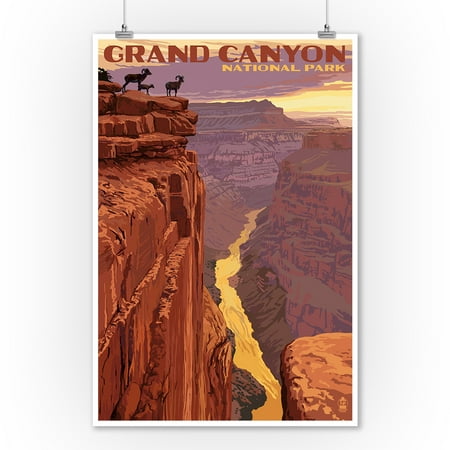 Grand Canyon National Park, Arizona - Bighorn Sheep on Point - Lantern Press Artwork (9x12 Art Print, Wall Decor Travel
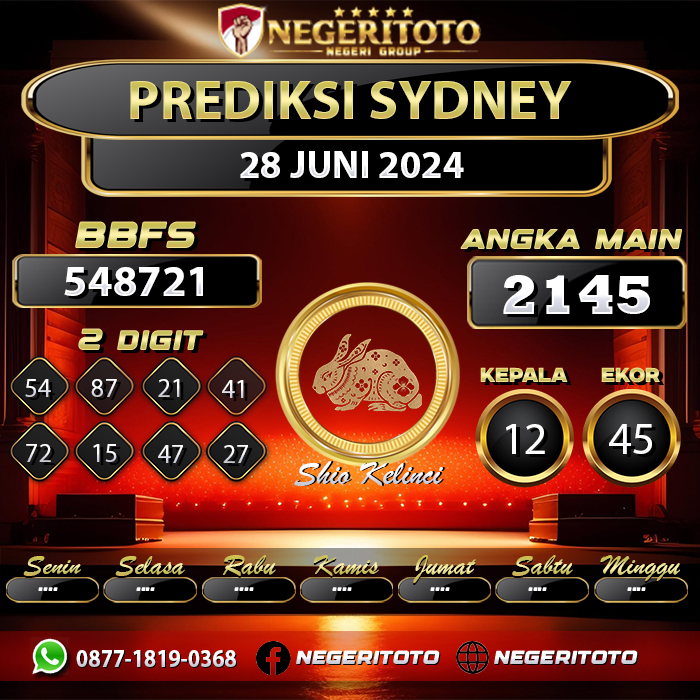 Negeritoto Prediksi Sydney Tgl 28 Juni 2024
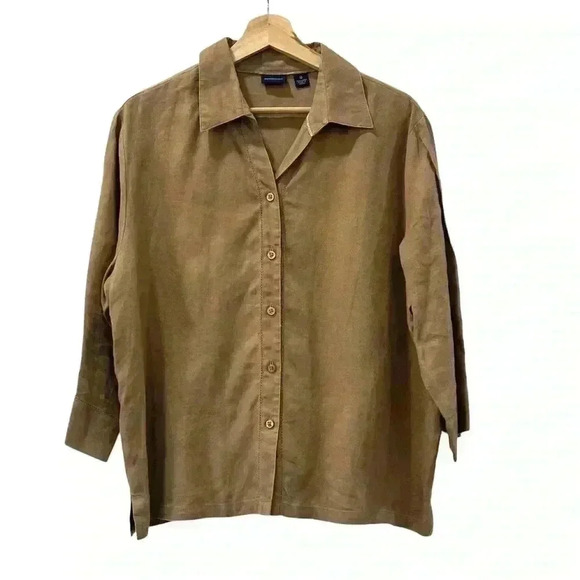 Westbound Womens Brown Button Up Blouse Size 18 100% Linen - Picture 1 of 4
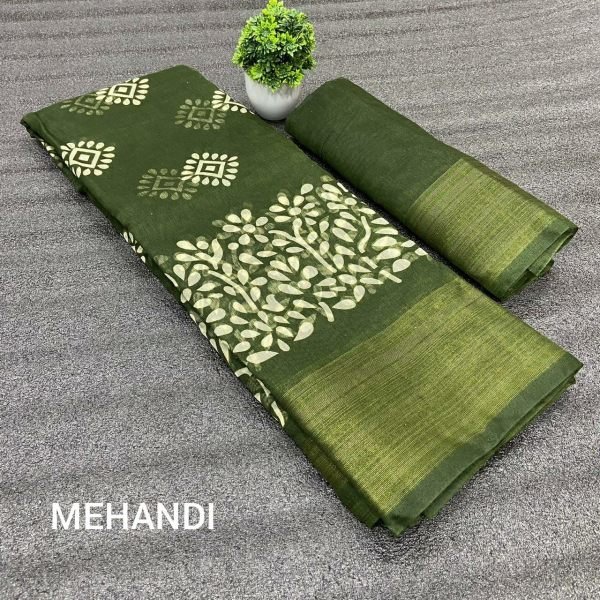 Beautiful HD Batik Style Print Cotton Saree  Cotton Sarees Wholesale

----

Everything in the listing must be restated word for word, except for the pictures.

 Grand Canyon National Park, Arizona - Bighorn Sheep on Point - Lantern Press Artwork (9x12 Art Print, Wall Decor Travel
 Negeritoto Prediksi Sydney Tgl 28 Juni 2024
 Westbound Womens Brown Button Up Blouse Size 18 100% Linen - Picture 1 of 4
 Beautiful HD Batik Style Print Cotton Saree  Cotton Sarees Wholesale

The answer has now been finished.